State of paralysis

It is undeniable that since the night of December 21st when the government surprisingly lost the motion of no confidence brought against it that the country has been in a state of suspended animation – verging on nine months of it with no end in sight. This virtual state of paralysis has affected every part of the economy and national life.

Nowhere is this more evident than in the government’s own 2019 budget and the major capital projects planned. Projects like the new crossing for the Demerara River – the process already pockmarked by concerns over corruption and the lack of transparency – with intricate financing needs will not advance. Neither will other major infrastructural projects such as the bypass road between the East Bank of Demerara and the East Coast of Demerara which is a bilateral project with the Government of India. Faltering efforts at selling mothballed sugar estates and providing hope for thousands of workers who were made redundant will not go forward. Those thousands and their families have been abandoned by the government. By its own admission, the government will be unable to present a budget for 2020 – one of the potent signs of its caretaker status as adumbrated by Guyana’s top court.

The government’s energies, along with much taxpayers’ money,  have been dissipated on fighting every step of the way to prevent early elections mandated under 106(6) and 106(7) of the Guyana Constitution while at the same time doling out favours to communities all across the country in a frenetic bid to improve its chances whenever the elections are held. The incumbent is abusing its incumbency in its bid to be re-elected while defying the Constitution all the way.

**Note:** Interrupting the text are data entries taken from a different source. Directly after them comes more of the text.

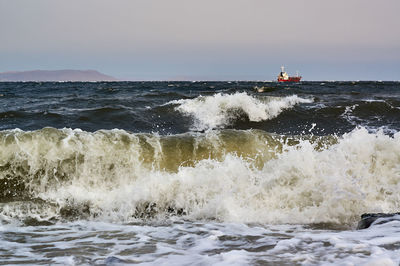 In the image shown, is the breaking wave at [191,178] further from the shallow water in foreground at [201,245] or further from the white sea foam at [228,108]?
the white sea foam at [228,108]

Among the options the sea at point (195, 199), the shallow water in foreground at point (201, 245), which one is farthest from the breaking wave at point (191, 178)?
the shallow water in foreground at point (201, 245)

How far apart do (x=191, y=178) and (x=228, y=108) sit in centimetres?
805

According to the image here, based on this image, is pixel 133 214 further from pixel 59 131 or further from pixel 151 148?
pixel 59 131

There must come a point when the leaders of APNU+AFC realise that their defiance of the Constitution solely to continue occupying office for a better chance of holding  it for another five years is coming at a great cost to adherence to the Constitution and the rule of law. The government and its cheerleaders cannot be oblivious to it and there will come a point when accountability will kick in.

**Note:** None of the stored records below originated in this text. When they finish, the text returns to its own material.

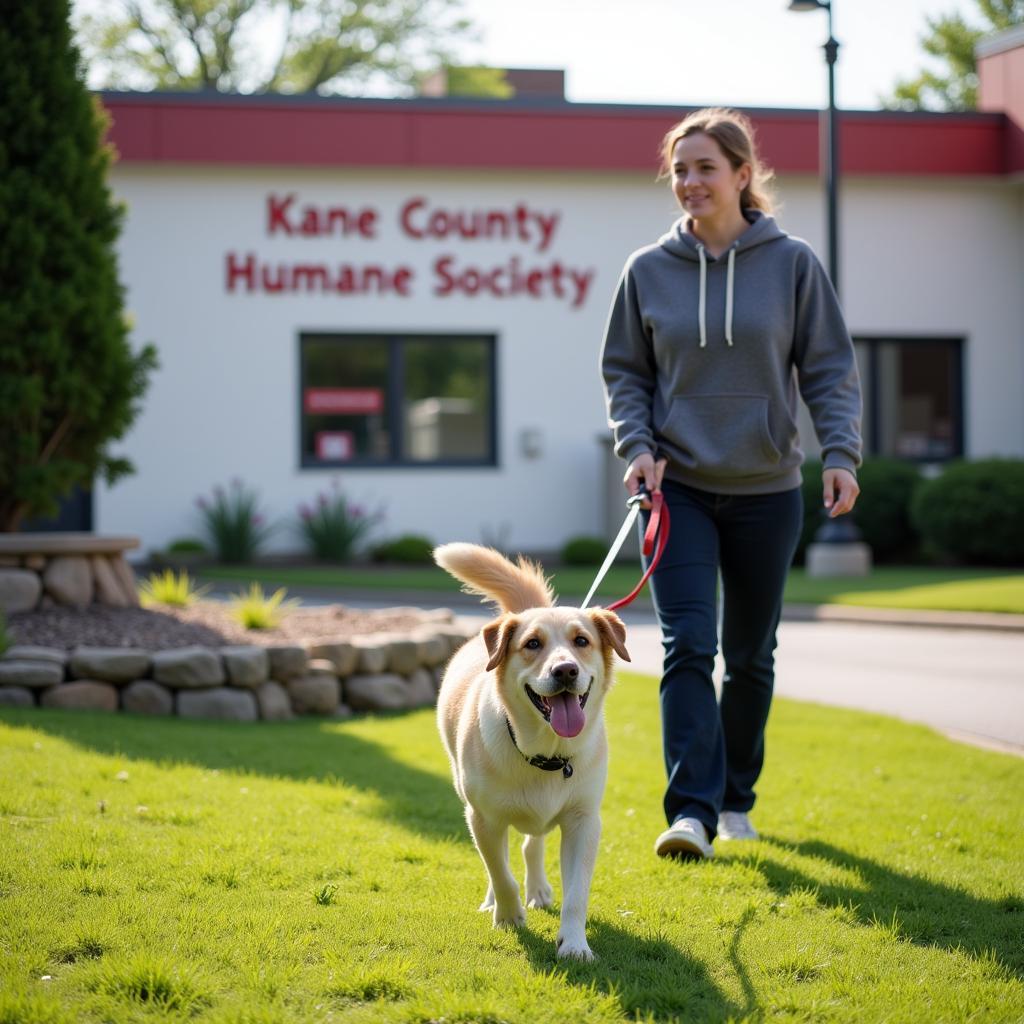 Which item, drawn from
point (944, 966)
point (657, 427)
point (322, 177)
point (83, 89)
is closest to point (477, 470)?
point (322, 177)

One area where the country will rue the government’s gross irresponsibility is in relation to its handling of the oil and gas sector. Savvy and ruthless investors thrive in the dark spaces created by the current political limbo. The government’s woeful 2016 Production Sharing Agreement (PSA) with ExxonMobil’s subsidiary EEPGL should already have been the subject of a Commission of Inquiry to examine what exactly were the roles of President Granger, Minister Trotman and the Guyana Geology and Mines Commission in this debacle.  The PSA aside, the life of this administration will come to an end without broad legislative agreement on the Petroleum Commission, the Natural Resource Fund Act, the all-important local content bill and with great concerns about whether Guyana is prepared at all to address any spill from oil operations and whether there is even a modicum of insulation for it in the various PSAs which have been concluded. Still to be satisfactorily concluded is how the state will competently examine the expenses claimed by ExxonMobil and its subsidiaries.  This is the entropic condition  that APNU+AFC is prepared to risk for Guyana only so that it could remain in office.

President Granger has declined to dissolve Parliament and name an election date, quite improperly placing the onus on GECOM and its new Chairman, Justice (Rtd) Singh. Even so, Justice Singh now has major challenges of her own before her. In meetings last week with both the PPP and APNU+AFC, the GECOM Chairman was reported as stating that she is working to have elections held before the end of the year. Though she has not spoken publicly, the reports have not been confuted by GECOM or anyone else. An election before the end of the year presupposes that the GECOM Chair has not accepted the timeline of March 2020 supplied by the elections secretariat nor does she foresee major delays in the incorporation into the National Register of Registrants (NRR), data that has been salvaged from the ill-advised house-to-house registration exercise.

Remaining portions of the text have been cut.